What trends and innovations have you identified for oxygen products?
DIACOPOULOS:
More and more consumers are becoming an active participant in their own health care. We see this being driven by patients’ increased access to their own health data through smartphone applications. That said, health care providers may need to answer more patient questions or put a greater emphasis on educating and engaging patients throughout their care process.

What are the key considerations patients should know about oxygen products?
DIACOPOULOS:
Those who have been prescribed oxygen therapy should have very clear direction from their physician about the volume needs and have an understanding themselves of the battery life they may require based on their lifestyle or prescribed usage. There are also a variety of options of battery life as well as size and weight. Patients should discuss their desired level of activity and intended use with their physician and HME before making a decision.

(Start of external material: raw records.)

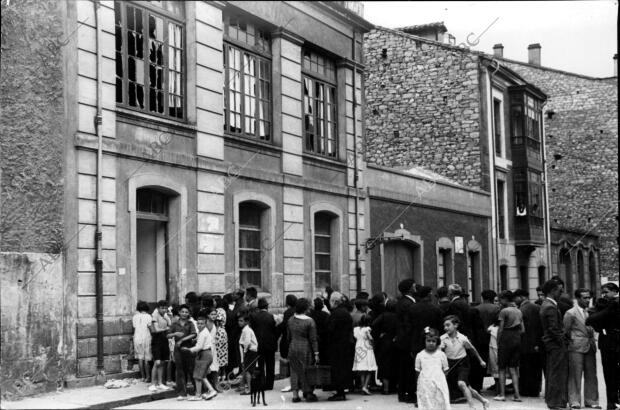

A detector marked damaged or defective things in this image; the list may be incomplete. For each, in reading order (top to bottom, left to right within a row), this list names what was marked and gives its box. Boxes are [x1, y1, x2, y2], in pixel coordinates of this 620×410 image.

broken window [114, 1, 184, 119]
broken window [223, 15, 272, 141]
damaged facade [0, 0, 370, 398] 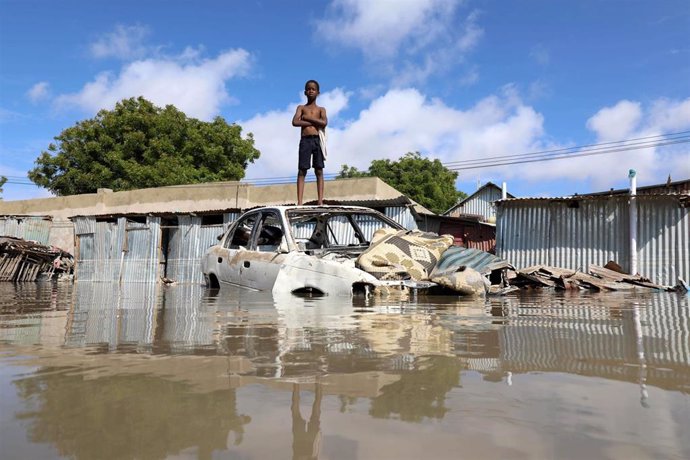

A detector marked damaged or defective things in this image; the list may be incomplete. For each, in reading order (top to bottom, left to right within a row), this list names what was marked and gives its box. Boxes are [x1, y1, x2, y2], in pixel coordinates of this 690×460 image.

rusted car body [199, 205, 430, 294]
white damaged car [200, 206, 430, 298]
rusted metal sheet [494, 193, 684, 284] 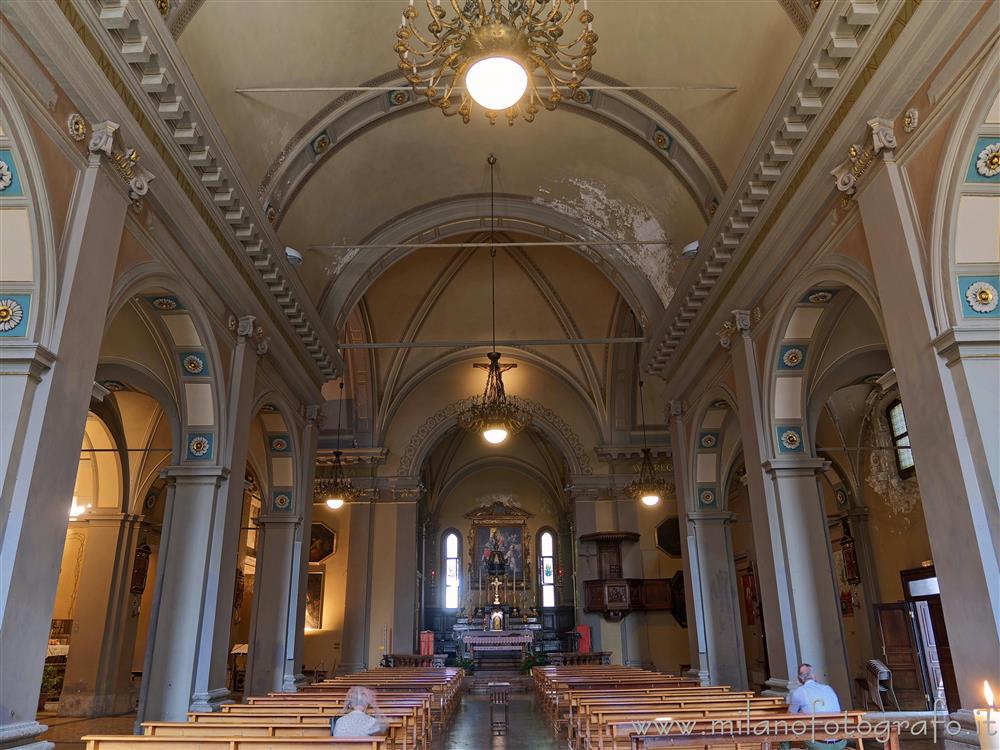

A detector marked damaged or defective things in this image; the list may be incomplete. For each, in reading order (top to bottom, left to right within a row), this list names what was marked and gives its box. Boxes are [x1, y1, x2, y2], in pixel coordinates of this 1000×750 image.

peeling plaster [536, 179, 676, 308] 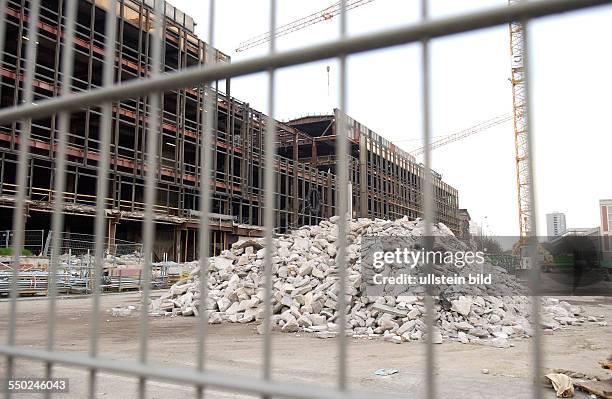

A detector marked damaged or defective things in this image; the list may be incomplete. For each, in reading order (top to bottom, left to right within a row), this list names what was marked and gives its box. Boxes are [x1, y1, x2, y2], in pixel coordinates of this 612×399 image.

What are the key differences in portable oxygen concentrators and stationary systems patients should know? What are the similarities?
DIACOPOULOS:
Portable oxygen concentrators make it easy for patients to get around with portable oxygen. These devices are lightweight and portable, designed to endure the bumps and bruises of daily activity. It is powered for convenience for patients to adhere to therapy anywhere, whenever they need it. Stationary systems are designed to simplify patients’ oxygen needs and provide reliable COPD stationary oxygen therapy at the comfort of their own home. Stationary systems are typically sleek and small (around 30 pounds), user-friendly for patients and are quiet.

What tools do you provide to help educate dealers and potential product users?
DIACOPOULOS:
Philips offers called Patient Adherence Management Service (PAMS). This helps support new patients transition to COPD therapy and uses Philips’s connected care management solutions to provide customers with insight from data to provide enhanced patient care. By combining devices, connectivity and Philips’s patient management expertise, the goal is to ultimately empower patients and clinicians to improve overall experience.